» **WORK INSTRUCTION**
In the records below, repeat exactly the lines between the line holding "Vestido Corte Sirena" and the line holding "Neuquén también mostró", inclusive, and drop the pictures.

Start of EXTRACTED ENTRIES

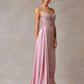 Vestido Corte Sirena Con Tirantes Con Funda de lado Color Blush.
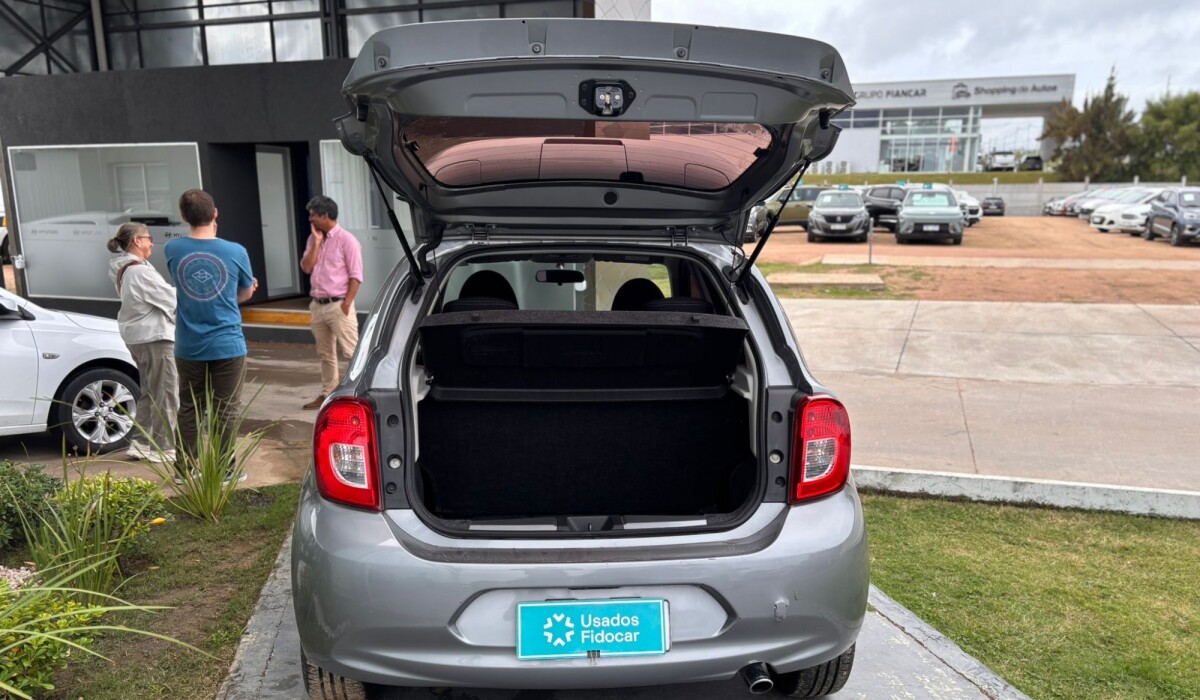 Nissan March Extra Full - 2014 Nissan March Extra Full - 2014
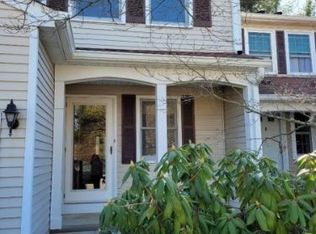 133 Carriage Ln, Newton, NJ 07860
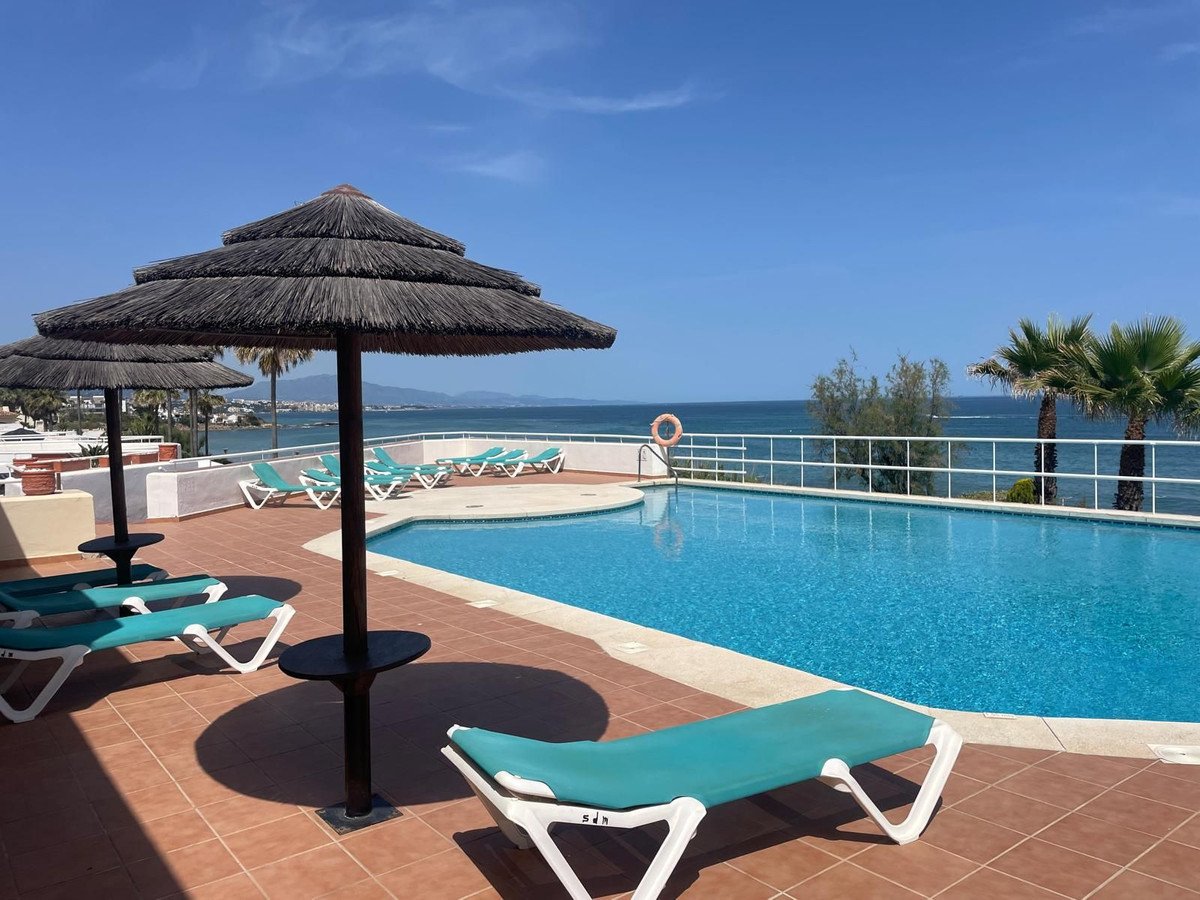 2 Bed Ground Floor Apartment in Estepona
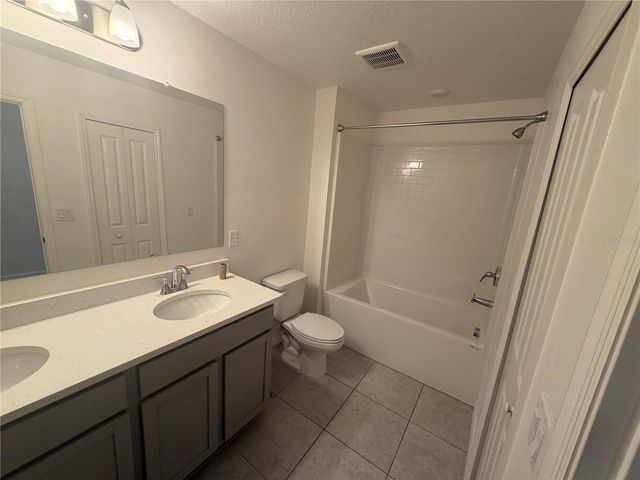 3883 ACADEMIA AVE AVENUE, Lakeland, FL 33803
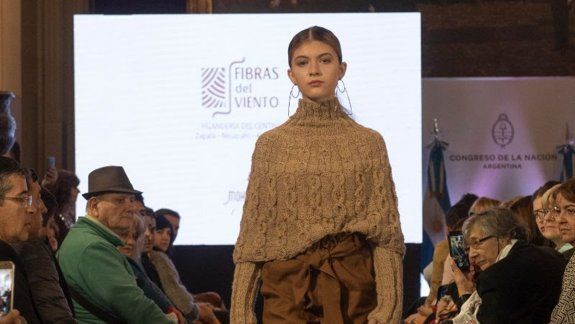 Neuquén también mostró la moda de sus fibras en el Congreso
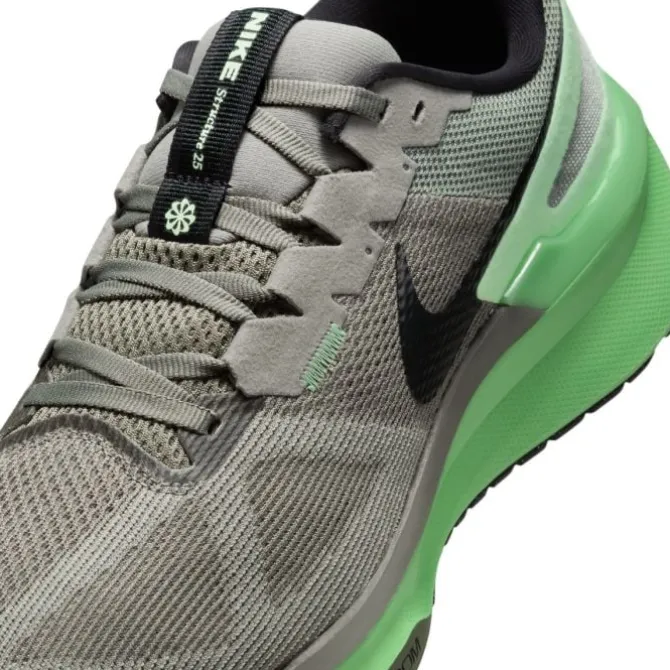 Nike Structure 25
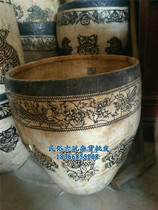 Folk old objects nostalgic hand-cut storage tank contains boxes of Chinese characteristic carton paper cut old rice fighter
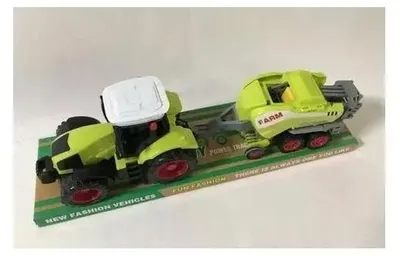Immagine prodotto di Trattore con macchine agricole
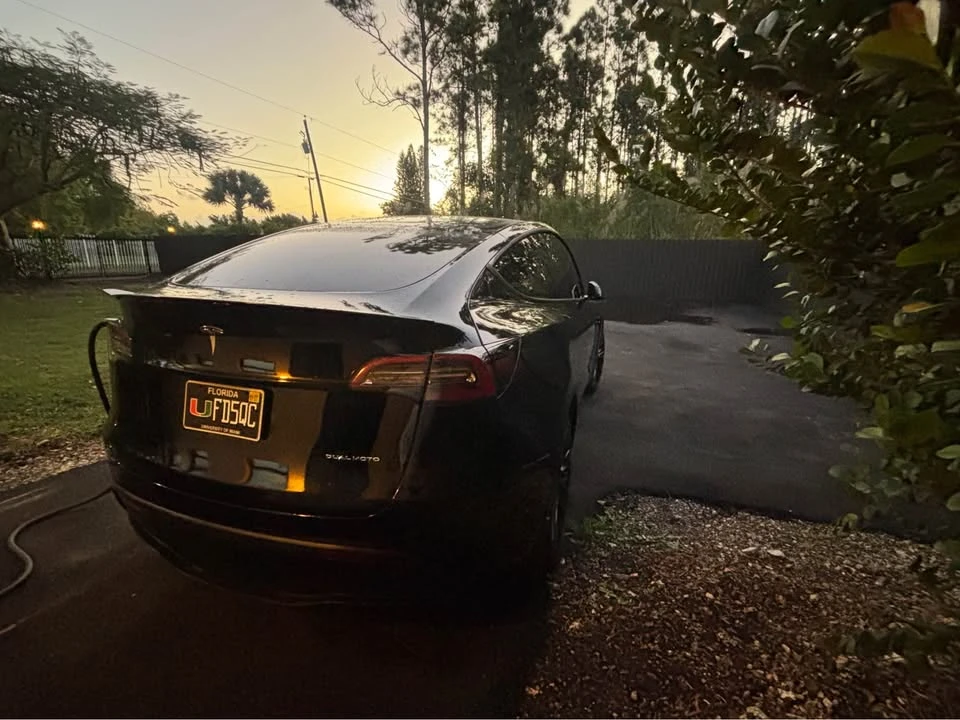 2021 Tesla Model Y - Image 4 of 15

End of EXTRACTED ENTRIES
Start of EXTRACTED ENTRIES

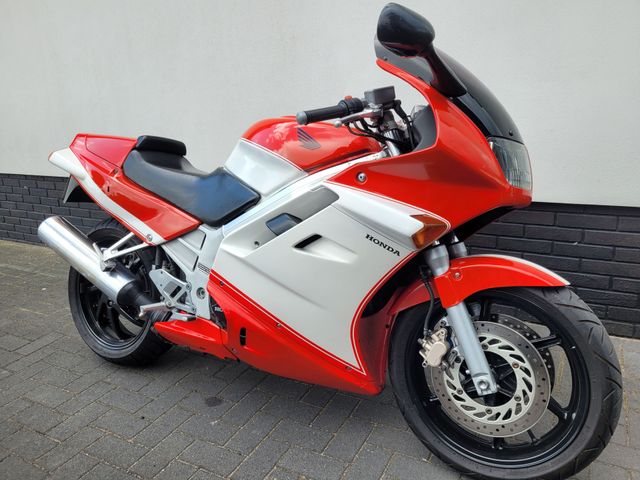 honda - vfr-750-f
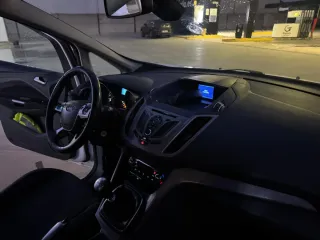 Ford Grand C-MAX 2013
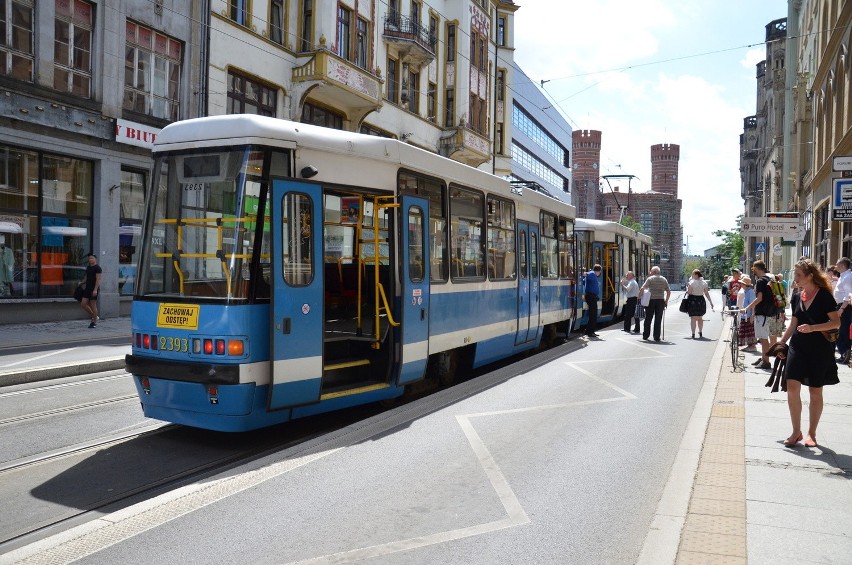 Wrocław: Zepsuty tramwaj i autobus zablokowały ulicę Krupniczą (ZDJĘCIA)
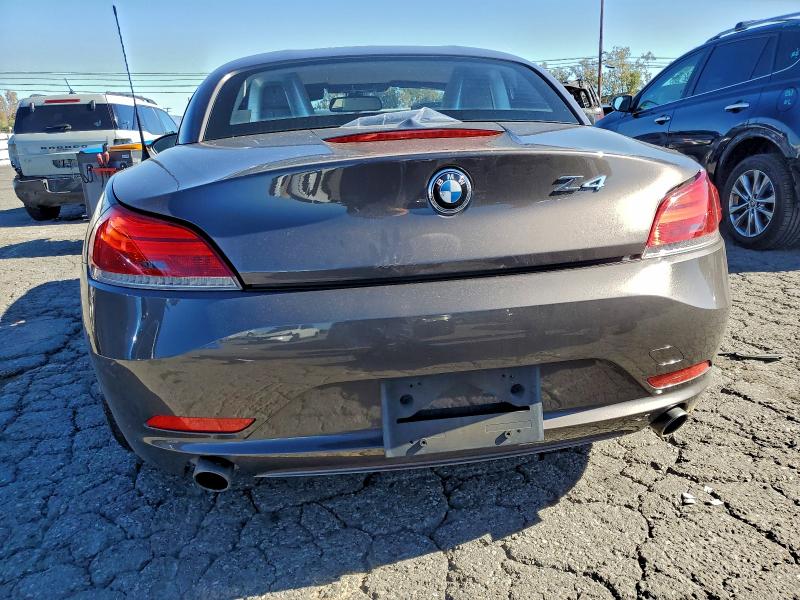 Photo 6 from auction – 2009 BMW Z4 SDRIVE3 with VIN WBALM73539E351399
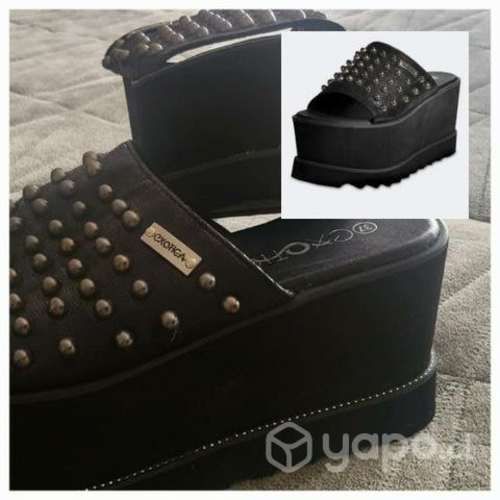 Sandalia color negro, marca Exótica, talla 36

End of EXTRACTED ENTRIES
Start of EXTRACTED ENTRIES

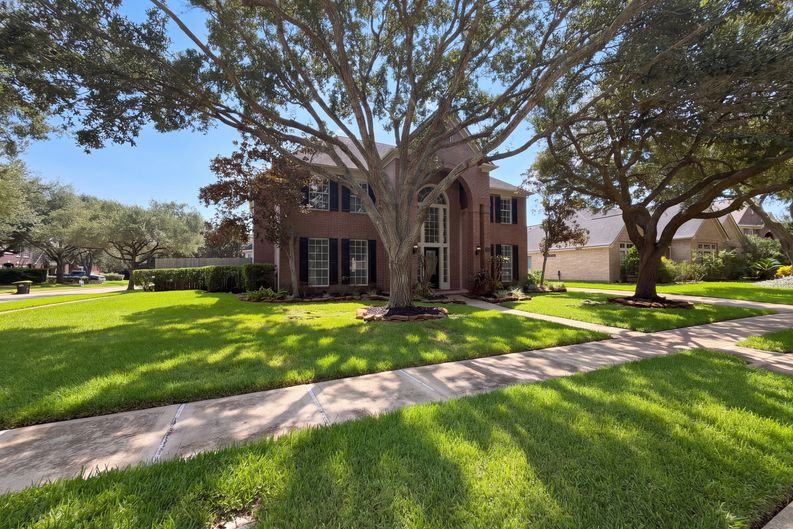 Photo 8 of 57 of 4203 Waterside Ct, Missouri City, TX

End of EXTRACTED ENTRIES

» **RESULT**
 Vestido Corte Sirena Con Tirantes Con Funda de lado Color Blush.
 Nissan March Extra Full - 2014 Nissan March Extra Full - 2014
 133 Carriage Ln, Newton, NJ 07860
 2 Bed Ground Floor Apartment in Estepona
 3883 ACADEMIA AVE AVENUE, Lakeland, FL 33803
 Neuquén también mostró la moda de sus fibras en el Congreso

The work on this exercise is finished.